Sampaoli may now be in the mood to blow kisses at football royalty, though after the Australia game, he was introverted, full of nerves and concern. He reviewed tape for hours at the team's training camp in Belo Horizonte, working harder than ever.
In the end, he stayed true to himself, ditching the four-man defense that hadn't convinced against Australia and returning to his favored three-man back-line with wingbacks Eugenio Mena and Mauricio Isla.
Francisco Silva -- traditionally a defensive midfielder -- was flanked by Gary Medel and Jara. Silva's speed and distribution were on show and El Gato flung himself into heading contests with Diego Costa.
Pedro was supposed to be Spain's X-factor, brought in to stretch Chile's defense to breaking point. Jara and Mena shut him down time and time again until the Barcelona player's dispiriting second half substitution. Arturo Vidal and Marcelo Diaz mopped up pressure in front of the box and left poor David Silva battered and bruised.
And in the final 10 minutes, when Chile had run itself ragged and could no longer repel the Spanish, el capitan Claudio Bravo played out of his skin for the most gratifying clean sheet of his career.
The golden generation
For Chileans, it was magic not only to see Vidal charging about the pitch once again and Sanchez in all his aggressive splendor, but also to witness fine performances from the lesser-known wunderkinds of this beautiful generation of Chilean footballers.
Before moving to Brazilian club Internacional, Charles Aranguiz, 25, spent the first seven years of his professional career in the Chilean domestic league. His countrymen saw his prodigious talent on display every weekend, and to see him dazzle in football's most public forum was like blurting out a secret you'd been bursting to share.
Xavi looked on from the bench to watch Basel's Diaz reveling in the role the Barcelona man invented, though Diaz also displayed a defensive toughness lacking from the Spaniard's game.
Vargas has been denounced by some fans after poor showings in European club football, yet on Wednesday he showcased the ruthlessness that earned the youngster legendary status in Chile as the all-time top scorer in the Copa Sudamericana.
Australia gives hope
Sampaoli spared little time to ponder on the enormity of the match's outcome when speaking with the press.
"I'm not sure if this will be the best victory -- I always say the best win is the one yet to come -- but it's a victory I'll never forget," he said.
The coach will hope to celebrate that next win Monday against the Netherlands.
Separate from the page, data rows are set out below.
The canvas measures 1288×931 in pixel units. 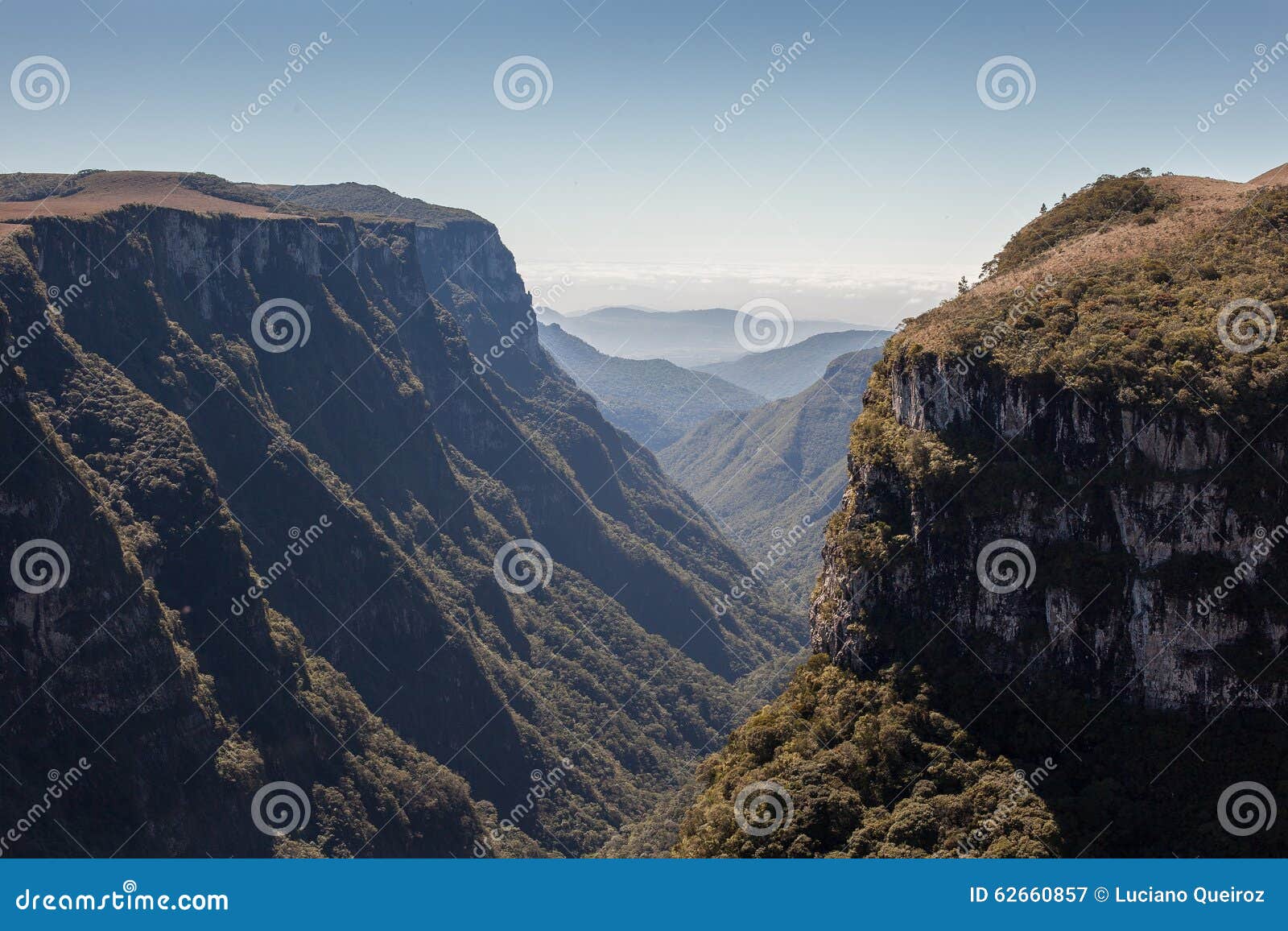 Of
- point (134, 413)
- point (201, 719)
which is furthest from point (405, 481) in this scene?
point (201, 719)

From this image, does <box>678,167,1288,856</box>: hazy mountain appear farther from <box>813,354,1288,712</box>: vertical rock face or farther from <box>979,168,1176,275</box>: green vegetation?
<box>979,168,1176,275</box>: green vegetation

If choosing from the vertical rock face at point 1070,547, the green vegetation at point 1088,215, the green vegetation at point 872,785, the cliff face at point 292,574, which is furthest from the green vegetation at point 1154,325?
the cliff face at point 292,574

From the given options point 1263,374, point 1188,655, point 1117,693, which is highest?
point 1263,374

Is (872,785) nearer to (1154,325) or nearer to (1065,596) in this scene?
(1065,596)

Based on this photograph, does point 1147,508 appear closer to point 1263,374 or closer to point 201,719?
point 1263,374

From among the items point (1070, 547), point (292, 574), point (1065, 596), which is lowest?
point (292, 574)

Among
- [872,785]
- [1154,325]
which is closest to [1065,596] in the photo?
[872,785]

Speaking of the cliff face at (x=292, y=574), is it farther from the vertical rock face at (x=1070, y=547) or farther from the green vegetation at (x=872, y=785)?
the vertical rock face at (x=1070, y=547) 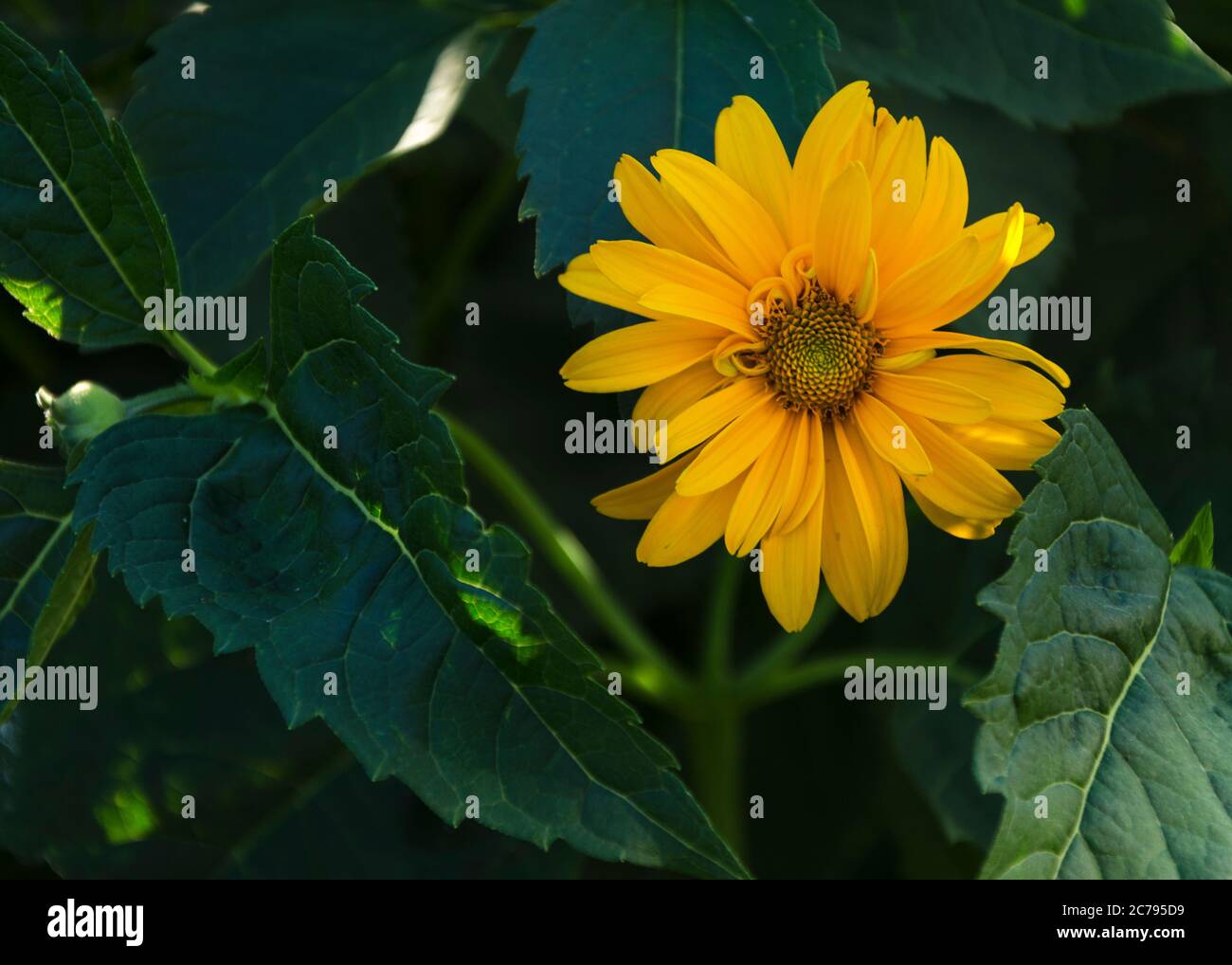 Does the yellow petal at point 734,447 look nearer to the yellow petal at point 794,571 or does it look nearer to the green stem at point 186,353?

The Socceroos' courageous display Wednesday showed the Dutch machine is not unbreakable, and the final group stage match threatens to be a fantastic showdown. After Brazil's draw against Mexico, a Round of 16 encounter with the hosts is not a forgone conclusion for second place in Group B, though Chile will play for top spot regardless.
And even if a game with Brazil materializes, Chile have proven itself a world beater. The pentacampeones have had a hold over the Chilean psyche for more than a decade, and La Roja typically approaches the fixture as defeated men. The wholesale deconstruction of the Spanish, however, has Chile well-placed to exercise whatever voodoo magic has been at work since 2000. And if this group of Chileans is capable of such an upset, why can't La Roja go all the way?